There will be the immediate needs such as:

  • Determining from where employees come, and how working remotely and other possible changes in commuting patterns, affect operations. I recently had a client ask me to provide all office addresses in Manhattan that are within walking distance of Penn Station or Grand Central Station. Employees may tolerate riding on a commuter railroad, but they are concerned with subway travel.

  • Choosing between employees and consultants. Do you need in-house staff to perform the analysis or can you farm it out? Right now, companies are looking to use existing employees to perform spatial and analytical tasks partially due to the fact they want to avoid laying off people, and partially due to the fact that much of the federal bailout money is earmarked toward maintaining employees. As funding evaporates, companies must become more efficient with resources to accomplish necessary tasks.

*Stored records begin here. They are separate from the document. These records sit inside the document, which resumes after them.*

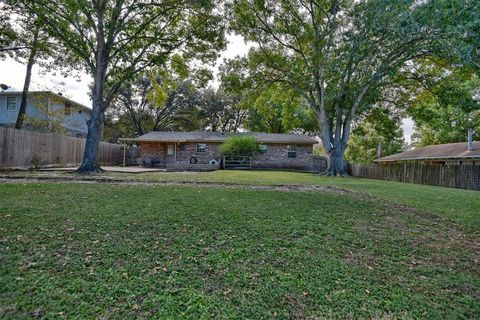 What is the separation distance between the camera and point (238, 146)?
750 inches

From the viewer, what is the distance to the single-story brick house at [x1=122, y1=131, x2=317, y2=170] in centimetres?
2072

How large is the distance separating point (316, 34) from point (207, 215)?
13334 mm

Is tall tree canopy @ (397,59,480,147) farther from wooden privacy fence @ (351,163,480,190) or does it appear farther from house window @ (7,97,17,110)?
house window @ (7,97,17,110)

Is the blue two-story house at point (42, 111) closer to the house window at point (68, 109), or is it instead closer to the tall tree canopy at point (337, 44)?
the house window at point (68, 109)

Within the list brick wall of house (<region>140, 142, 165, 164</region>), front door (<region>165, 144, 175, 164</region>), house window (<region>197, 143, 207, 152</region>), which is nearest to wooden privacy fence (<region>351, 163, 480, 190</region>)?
house window (<region>197, 143, 207, 152</region>)

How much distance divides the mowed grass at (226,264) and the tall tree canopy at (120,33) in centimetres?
818

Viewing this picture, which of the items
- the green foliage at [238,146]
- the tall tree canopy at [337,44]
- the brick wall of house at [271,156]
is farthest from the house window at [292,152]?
the tall tree canopy at [337,44]

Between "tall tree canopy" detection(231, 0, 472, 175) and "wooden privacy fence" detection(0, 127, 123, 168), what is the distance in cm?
1134

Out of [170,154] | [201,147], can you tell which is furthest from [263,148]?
[170,154]

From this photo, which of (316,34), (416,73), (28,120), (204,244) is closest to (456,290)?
(204,244)

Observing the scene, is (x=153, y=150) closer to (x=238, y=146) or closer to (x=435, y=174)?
(x=238, y=146)

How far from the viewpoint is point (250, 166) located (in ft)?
66.1

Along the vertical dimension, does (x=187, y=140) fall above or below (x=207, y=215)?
above

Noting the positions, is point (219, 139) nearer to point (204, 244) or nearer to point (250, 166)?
point (250, 166) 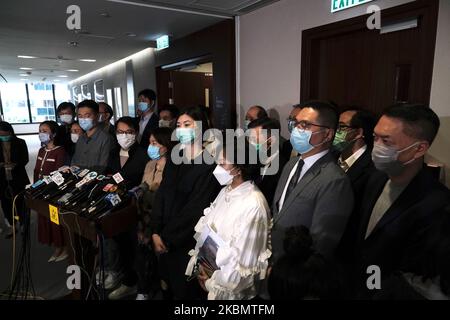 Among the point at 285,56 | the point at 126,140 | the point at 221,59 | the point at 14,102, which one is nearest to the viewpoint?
the point at 126,140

Companies should take this opportunity to get their data housekeeping done. It is a challenge for all businesses regardless of how they are affected by COVID-19. Here are some areas that can always use improvement:

  • Spend time reviewing corporate data quality and governance now so your data is good enough to make decisions with it.
  • Your real-time data will be your best asset as business increases.
  • Companies must analyze their own data as they emerge from COVID-19, as it will take some time before trends start to emerge from business or consumer reported data.
  • Depending on your market, historical information such as consumer expenditure and market potential will be problematic due to changes in spending habits and commuting patterns. Internal corporate data will be more important than historical consumer data.
  • Are you adding the necessary location intelligence to your data?
  • Enhance your data where possible. I had a cable company come to me years ago wanting some data about their customers. I asked them why they didn’t ask their customers directly. They had almost 75% market penetration, which is much better than any survey information. They offered a dollar off a pay-per-view to survey respondents and spent less than the cost to have a data append done, with more relevant information.
  • Businesses should use this time to look at their analytics platforms to make sure they are ready for the heavy lifting to come.
  • Are all your systems integrated?
  • Spend the time to make sure you have spatially enabled your enterprise so the entire company can leverage the asset.
  • Can you get real-time information out and make data-driven decisions?
  • Is your modeling approach still valid or do you need to add some information?
  • Minimize seat of the pants reactions and gut feelings.

Now, while companies are determining the impact of COVID-19, waiting for their markets to open and trying to understand federal bailout money, they can increase the chances of making correct, timely decisions going forward.

Also, do not forget to do a postmortem on your response to COVID-19 over the last few months and use the knowledge gained as part of your business continuity plan going forward. This will not only prepare you for post COVID-19 but will have you ready for the next major business disruption.